When he patented his incandescent light bulb, that in itself must have seemed miraculous. Fast forward to today, and the myriad options for lighting fixtures — the styles, the technology and the trends — mean you can illuminate your home, inside and out, in an astonishing number of ways.
You even can choose a light bulb Edison probably would recognize, one that uses today’s LED technology but that looks remarkably similar to his Menlo Park invention.
What’s old is what’s new again — but, local lighting experts say, lighting trends can take design into some unexpected areas.
Even in the past 20 years or so, Doug Myers says, the lighting he installs has become “considerably more sophisticated.”
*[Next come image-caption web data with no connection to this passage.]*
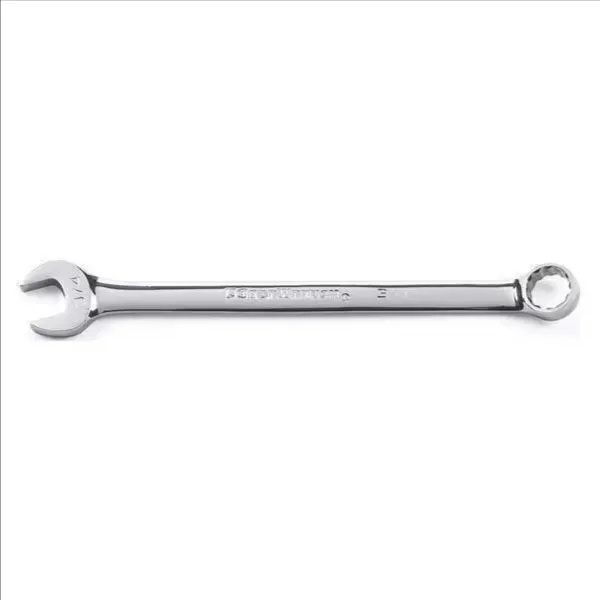 GEARWRENCH 81736 GEARWRENCH 81736 | CW6YBD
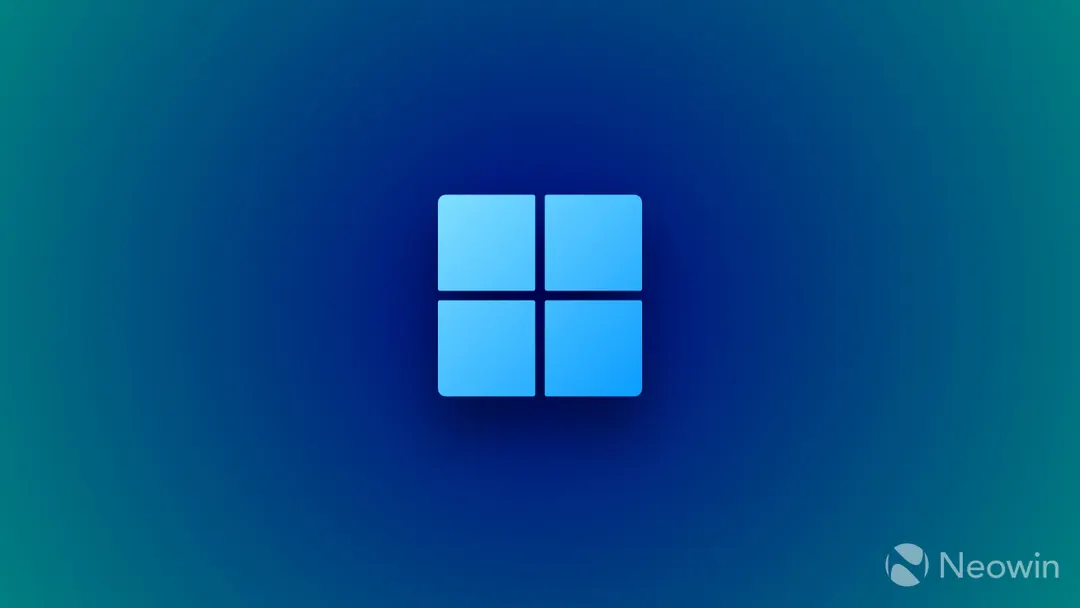 Windows 11 26H2 удивила низким потреблением RAM при установке через Rufus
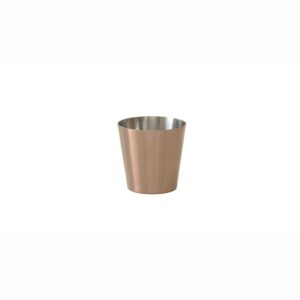 Pote Cobre 56cl 10x10cm CP_CS003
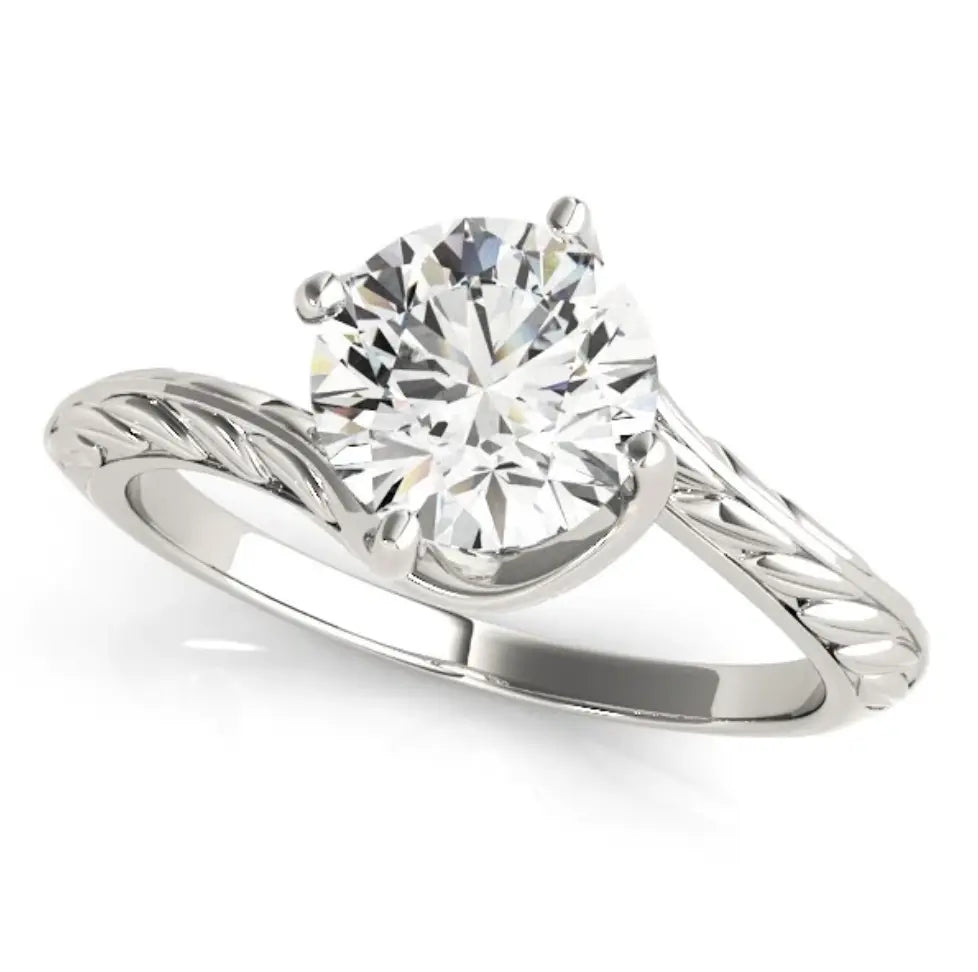 Diamond Rings GOLDISSEYA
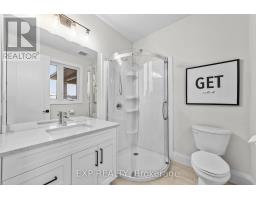 119 DAVENTRY WAY - 18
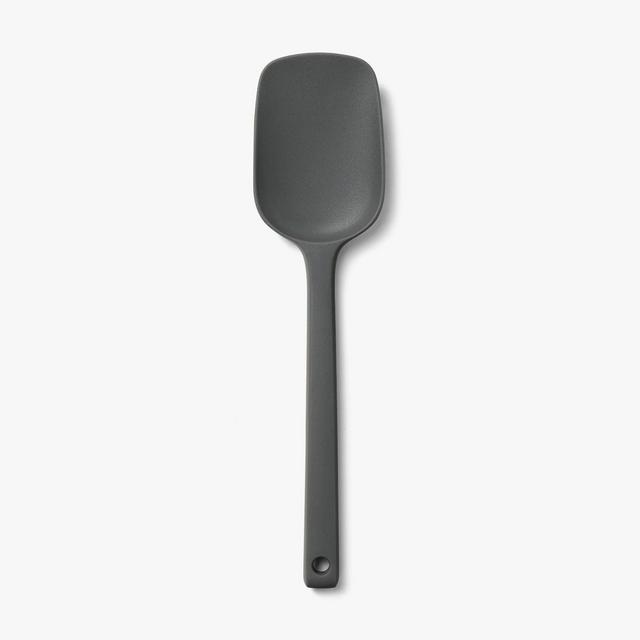 Silcone Kitchen Spoonula - Figmint™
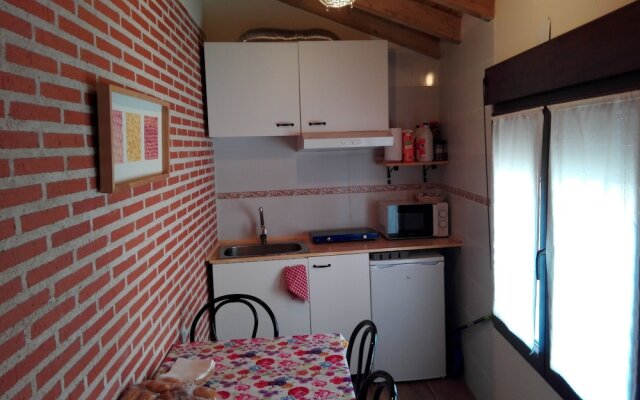 Abadía del Marqués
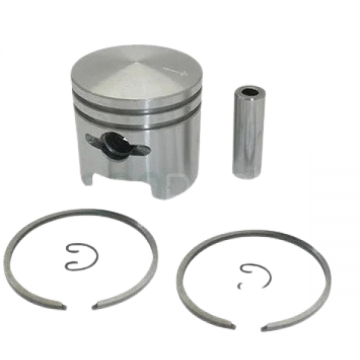 Piston motocoasa compatibil Stihl FS90, FS96 Golf Ø 38mm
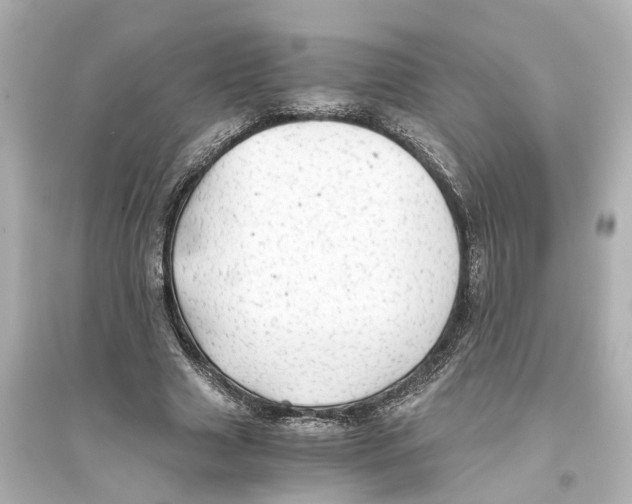 X0000093770633200711131212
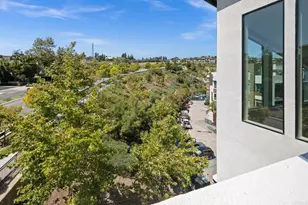 8566 Aspect Dr, San Diego, CA 92108 - Photo 18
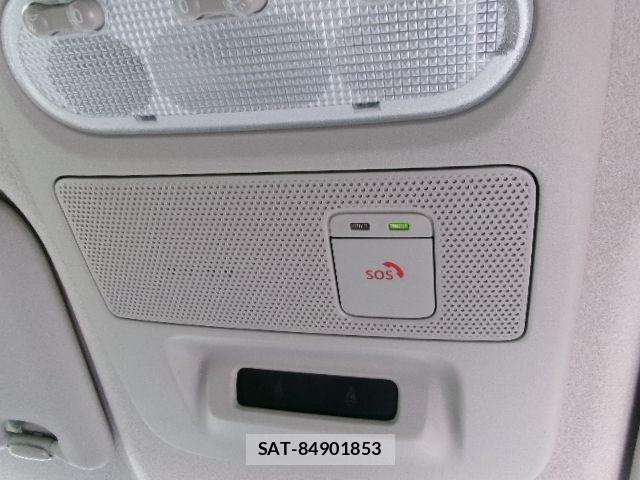 Nissan Sakura 2023-12 6247232-21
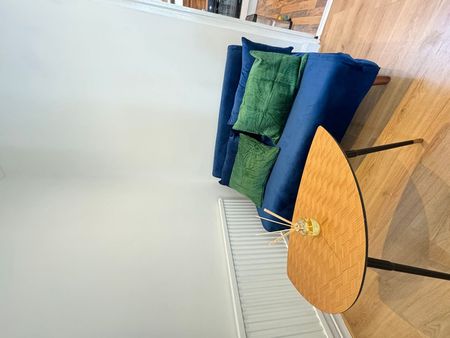 Cassidy Road - Photo 2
Myers designed and built his first landscape in 1994. Now owner of Fernhill Landscaping in Strasburg, the certified professional landscaper says thinking about a project always needs to be done “comprehensively.” And along with the general uptick in the homeowners’ interest in outdoor living spaces, he says, has been accompanied by homeowners requesting outdoor lighting.
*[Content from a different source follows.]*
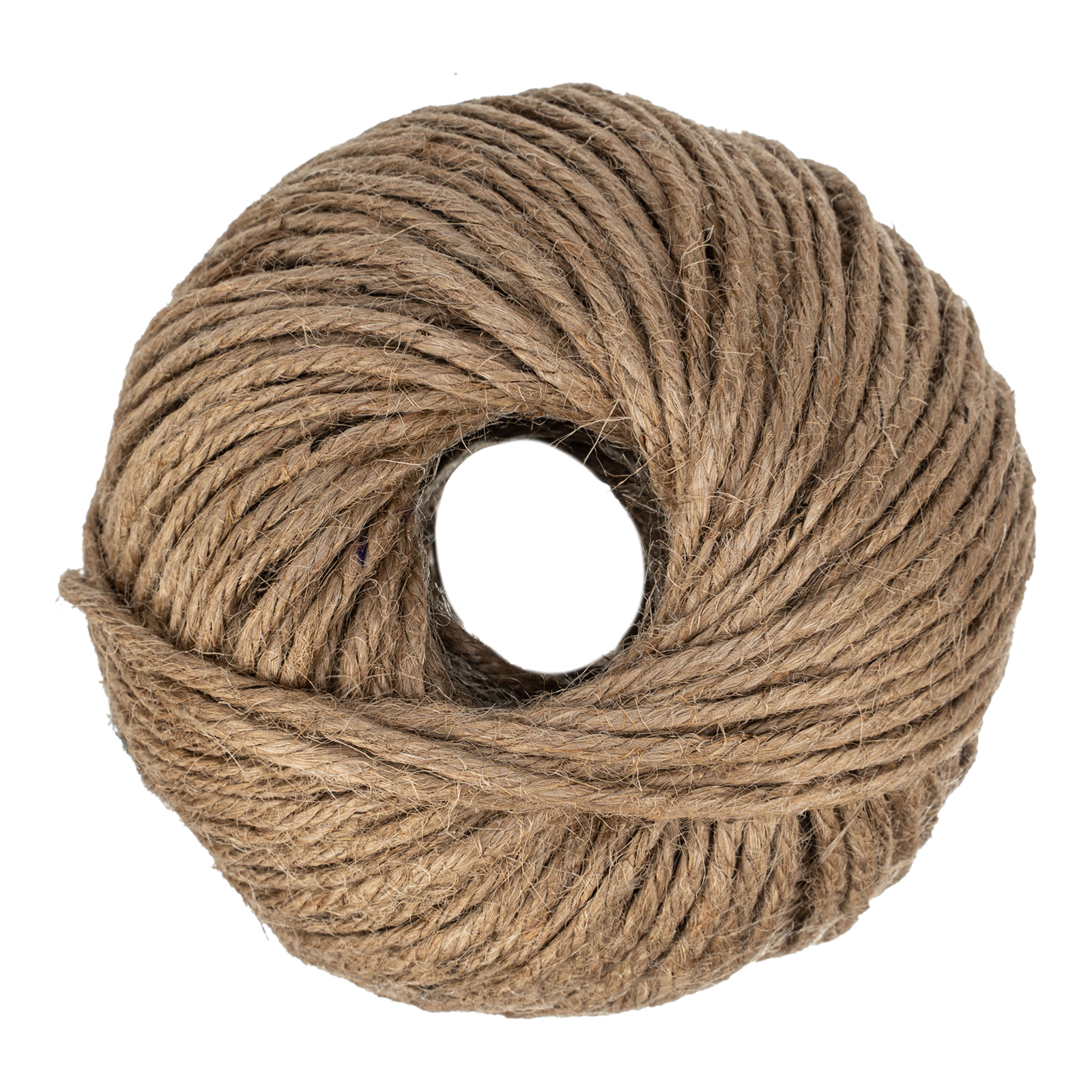 Миниатюра изображения товара 0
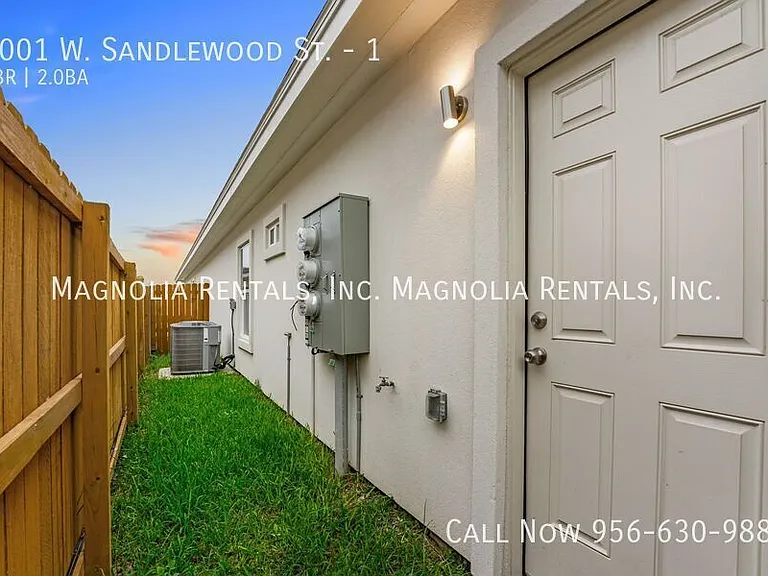 3001 W Sandlewood St #1 — Photo 13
“I’d say about 70 or 80 percent of our projects include it,” Myers says.
And those projects “have become considerably more sophisticated,” he adds. “Probably the largest (development) is switching to LED,” Myers says. “That allowed the installation of the fixtures and the wiring and the layout to be considerably less time consuming and complicated.”
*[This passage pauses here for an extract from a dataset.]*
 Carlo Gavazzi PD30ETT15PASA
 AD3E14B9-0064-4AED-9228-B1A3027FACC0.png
The light-emitting diode bulbs have the added plusses of being small and long-lasting and more energy-efficient than previous bulbs.
Technology also makes possible systems that can rely on remote control via phone apps to changing lighting effects by zone, or to modify the amount of light your fixtures emit — much like using a dimmer bulb in the dining room, for example.
“The trick is to find a good combination of lights and not overdo it,” Myers says. “Different types of lighting have different effects: functional for pathways, or we’ll use grazing lights on the foundation of a house, or to cast a soft light onto pathways; uplighting for trees. There’s more of an emphasis on ornamental lighting.”
The well-lit home
Finishes, bulb styles, materials and shapes all jazz up indoor lighting. Susan W. Lytle, of The Lighting Gallery in Lancaster, just returned from a buyers’ show in Dallas and says that, unlike some years, current trends can work well with most local projects.
“Sometimes the trends don’t really ‘hit’ here,” Lytle says, but what she saw at the Dallas show should find fans here.
Finishes in dark bronze and an antiqued brass/matte gold — “like a dulled gold” — are seeing a comeback, as is a “resurgence of black finishes,” she says.
She still sees Edison bulbs (think old-fashioned filament bulbs to picture the style) on the upswing, especially since they’re more easily and affordably available in LED.
New bulb shapes, too, help update a room’s look if you can’t go all-out on new fixtures. Instead of a typical candle bulb, for example, try a small tubular bulb or one of the new “lipstick” shapes: an elongated bulb with an angled-off end.
Orb-styled hanging fixtures and wood lighting fixtures or accents carry over in popularity from recent years, Lytle says. A few years ago, she adds, opaque glass on hanging fixtures was the trend, but that’s now evolving to clear glass — often “seeded” with tiny bubbles that makes the glass appear handblown — and exposed bulbs that make the most of the new unusual shapes and light qualities of different bulb designs.
The size of hanging fixtures is getting bigger too, she adds. Instead of a group of several smaller hanging fixtures over a kitchen island, for example, homeowners are beginning to opt for two or three larger pendants to light an area.